A spark in dry brush

The Palestinian “street” of late has become a more violent and volatile place. After prayers last Friday, Palestinians, mostly youth, hurled rocks at Israeli troops in Jerusalem’s Old City. The rock-throwing, of course, led to a more violent exchange with the Israeli soldiers. 

While Palestinians were throwing rocks at Jews from the sanctuary of the Temple Mount, others took to the streets and did the same in Hebron and outside Ofer Prison near Jerusalem.

The ostensible cause of the protests was the re-detention of four Palestinians who had been freed for Gilad Schalit. Another prisoner died in jail, apparently of a heart attack. The cause of his death was being investigated as of this writing. His death sparked even more protest and violence in the streets. The real cause of the protests, however, is the plotting of the Palestinian Authority. The PA has decided to foment an atmosphere of crisis ahead of the upcoming visit to Israel, Jordan and the West Bank by U.S. President Barack Obama. 
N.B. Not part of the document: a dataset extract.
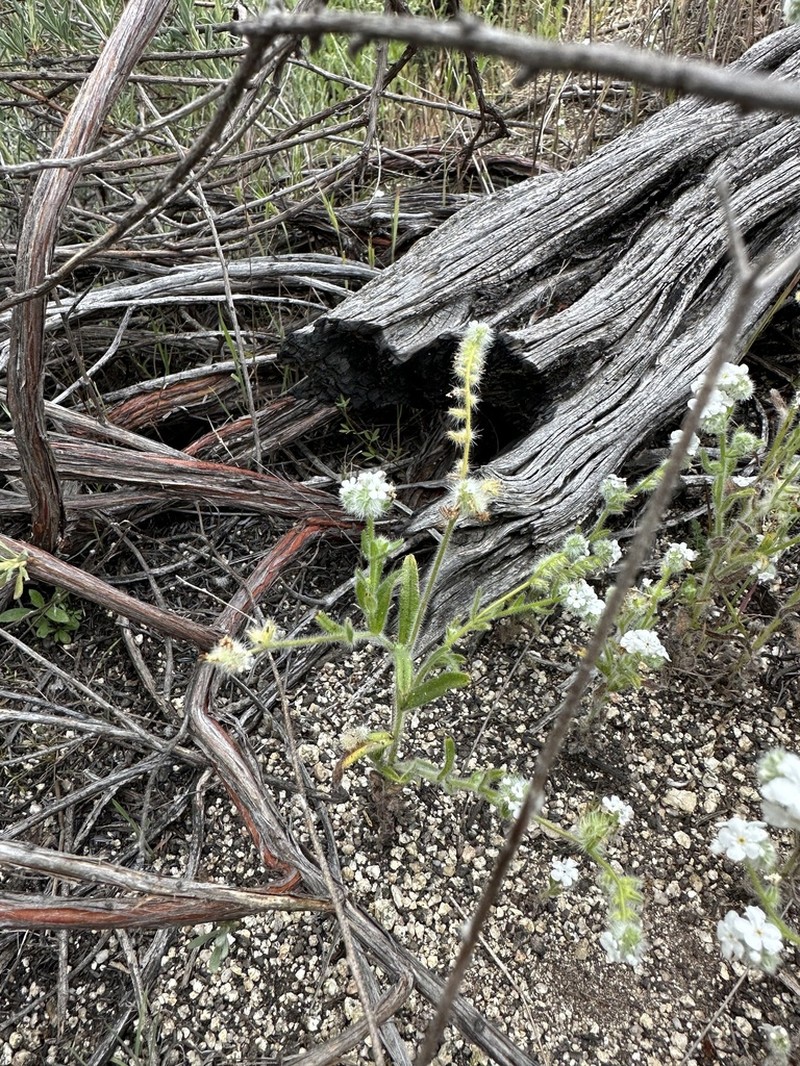 Pointed Cryptantha photo 5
Of course, there is no surer indicator of crisis in relations between Israel and the Palestinians than violence and possibly even death and “martyrdom” on the streets of the West Bank and Israel. And there has been no surer response to such crisis in the past than pressure by the American administration upon the government of Israel.

Seeing his popularity wane while Hamas popularity rises, and hearing no mention of his cause in the American president’s recent State of the Union address, PA President Mahmoud Abbas has decided to stoke the flames of urgency in Obama’s Mideast policy. Urgency in Mideast matters has usually translated into the need for Israel to come forward with “confidence-building measures.”

Writing for the Gatestone Institute last week, Abu Khaled Toameh, the noted Israeli analyst, quite explicitly defined the PA’s goals.

“Palestinian Authority leadership has been encouraging its constituents lately to wage a ‘popular intifadah’ against Israel, each time finding another excuse to initiate confrontation. Now the Palestinian Authority is using the issue of Palestinian prisoners who are on hunger strike in Israeli prisons as an excuse to call for street protests and clashes with the Israel Defense Forces. The belief in the Palestinian Authority is that the violence on the ground will push Obama to exert pressure on the Israeli government to comply with the Palestinian conditions for resuming the peace process, namely a full cessation of settlement construction and the release of Palestinian prisoners from Israeli jails.”

As Toameh also noted, the violence has thus far remained on “a low flame.” But as all observers will attest, Abbas’ tactic of directed confrontation is very dangerous. 

There is very little trust between the two peoples and their respective leaderships. Trust and mutual respect have been unnourished for years, like very dry brush, where all is brittle, spindly and quite without life. The spark that Abbas has thrown onto the brush could start a conflagration.

Once again, he harms his own people. Alas.